The hour glass presented attempts to emphasize through graphical representation, the probability of at risk events occurring, as well as their near miss potential. Similar to the pyramid, the hour glass demonstrates the fact that, while the probability is lower, the chances of at risk events occurring are still very significant, though possible to ignore and forget about. A majority of individuals become complacent due to this slim chance (low probability) of an at risk event occurring, to the extent that they may even become careless and unnecessarily engage in risky behavior or practices. The low probability usually reinforces the belief that risks can be taken at no cost.
The four main components of human behavior are attitude, thinking, perceptions and prejudgments. These components of behavior determine not just an individual’s choice of behavior, but also their motivations for engaging in the given behavior. Further, perceptions normally significantly affect an individual’s responses in particular situations they may find themselves in.
Priorities refer to various aspects in an individual’s life that they feel they must take care of, while values are essentially what define us as individuals. As such, priorities that an individual may have, usually change based on what the individual values. For instance, if an individual values safety above all else, the priority changes from simply accomplishing the task on time, to observing the provided safety guidelines.
Culture is defined as what members of the organization see as the “right way” to do things developed over time, due to repeated engagement in such practices. When it comes to matters of safety and engagement in at risk events, members of an organization may find themselves repeatedly ignoring safety measures, until this becomes the routine or the norm, rather than the exception, which then builds an undesirable culture. In particular, the book quotes Dan Peterson who refers to culture as the way it is within a given place.
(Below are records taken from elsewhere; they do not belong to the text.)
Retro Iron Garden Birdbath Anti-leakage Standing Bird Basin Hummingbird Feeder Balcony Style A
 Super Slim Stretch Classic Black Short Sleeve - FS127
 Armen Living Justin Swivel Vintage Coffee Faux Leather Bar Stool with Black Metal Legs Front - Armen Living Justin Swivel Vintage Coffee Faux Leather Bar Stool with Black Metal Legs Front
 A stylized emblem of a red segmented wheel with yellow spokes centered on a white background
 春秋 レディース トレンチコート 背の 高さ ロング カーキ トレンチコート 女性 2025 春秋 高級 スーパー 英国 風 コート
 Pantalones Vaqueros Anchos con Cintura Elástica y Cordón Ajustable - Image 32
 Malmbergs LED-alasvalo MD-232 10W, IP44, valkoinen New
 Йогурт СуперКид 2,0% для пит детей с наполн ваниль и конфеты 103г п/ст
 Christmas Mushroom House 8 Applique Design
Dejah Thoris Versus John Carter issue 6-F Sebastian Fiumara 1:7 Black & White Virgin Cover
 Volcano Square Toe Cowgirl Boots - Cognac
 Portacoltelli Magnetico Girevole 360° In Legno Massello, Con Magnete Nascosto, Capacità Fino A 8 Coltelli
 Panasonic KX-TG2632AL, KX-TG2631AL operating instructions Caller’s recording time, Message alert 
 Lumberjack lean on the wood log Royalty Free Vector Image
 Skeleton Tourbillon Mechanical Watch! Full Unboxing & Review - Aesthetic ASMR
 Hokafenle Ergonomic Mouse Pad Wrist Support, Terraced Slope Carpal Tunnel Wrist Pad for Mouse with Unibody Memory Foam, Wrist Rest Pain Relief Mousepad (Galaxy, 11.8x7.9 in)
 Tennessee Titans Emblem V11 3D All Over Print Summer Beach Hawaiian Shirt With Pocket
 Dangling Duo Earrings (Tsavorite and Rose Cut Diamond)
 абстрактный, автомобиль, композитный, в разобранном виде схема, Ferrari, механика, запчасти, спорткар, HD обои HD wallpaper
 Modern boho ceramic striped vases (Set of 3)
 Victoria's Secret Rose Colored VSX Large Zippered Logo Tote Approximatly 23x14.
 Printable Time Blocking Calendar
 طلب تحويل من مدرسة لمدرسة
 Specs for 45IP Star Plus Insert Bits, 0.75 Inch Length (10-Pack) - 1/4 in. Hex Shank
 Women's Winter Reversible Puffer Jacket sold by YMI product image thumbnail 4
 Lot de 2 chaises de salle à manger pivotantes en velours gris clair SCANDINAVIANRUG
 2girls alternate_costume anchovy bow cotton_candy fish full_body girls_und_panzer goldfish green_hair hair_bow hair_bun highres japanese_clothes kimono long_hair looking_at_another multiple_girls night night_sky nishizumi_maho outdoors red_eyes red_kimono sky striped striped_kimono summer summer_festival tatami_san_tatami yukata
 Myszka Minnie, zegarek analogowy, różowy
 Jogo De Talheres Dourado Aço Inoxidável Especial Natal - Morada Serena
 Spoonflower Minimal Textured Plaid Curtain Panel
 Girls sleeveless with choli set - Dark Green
For an individual, culture refers to ideas, skills, perceptions, customs and prejudgments an individual may have at a particular time.
Examples at the level of employees include compliance with safety rules, as well as the reporting of hazards and injuries. For managers, the measures may include their own compliance, enforcement of the rules, as well as the levels of motivation to implement safety and health training for employees working under them. The degree with which employees comply to the rules is a very important indicator of the levels of responsibility, and accountability, results of which are seen in the injuries or incidents reported. Similarly, the authority of managers when it comes to safety is seen within their own efforts to engage in safe practices while enforcing existing rules.
A management system with a behavioral component attempts to ensure that it bridges the gap between how a particular activity is carried out and an observation of certain defined at risk events. This bridging usually occurs using specific selected data collection tools, which help in evaluation and reevaluation of different measures developed. Further, the process usually involves the employees during the Job Hazard Analysis process as well as at other stages in the process. A management system that recognizes the importance of the behavioral component in the management of at risk events ensures that employees are involved in the assessment of consequences of engaging in such behaviors. This allows for a better understanding of antecedents to behavior as well as consequences, by both employees and management.
Self imposed behavior is as its name suggests, self imposed, it focuses on the selfish gains that are bound to come about as a result of shortcuts. It is also borne out of an air of invincibility, and the belief that whatever risk the individual takes is not going to result in any harm to them, as they are better than everybody else. Traffic cop mentality focuses more on the improved sense of efficiency and potential benefits to the organization, that are bound to eventually trickle down to the employee. While under the traffic cop mentality an individual engages in self assurances, under self imposed behavior, the culture reinforces their behavior.
Programs and efforts may fail to work if they do not take behavioral factors into account. Integral to instituting successful safety programs, is gaining an understanding of the existing culture and progressively encouraging changes in attitudes and prejudgments. Once a program adequately tackles the four components of behavior, and aims at proper behavior modification, it is bound to achieve better results. Doing so ensures the program is able to effectively bridge the gap between activities the employees engage in and a clearer and objective understanding of the risks involved.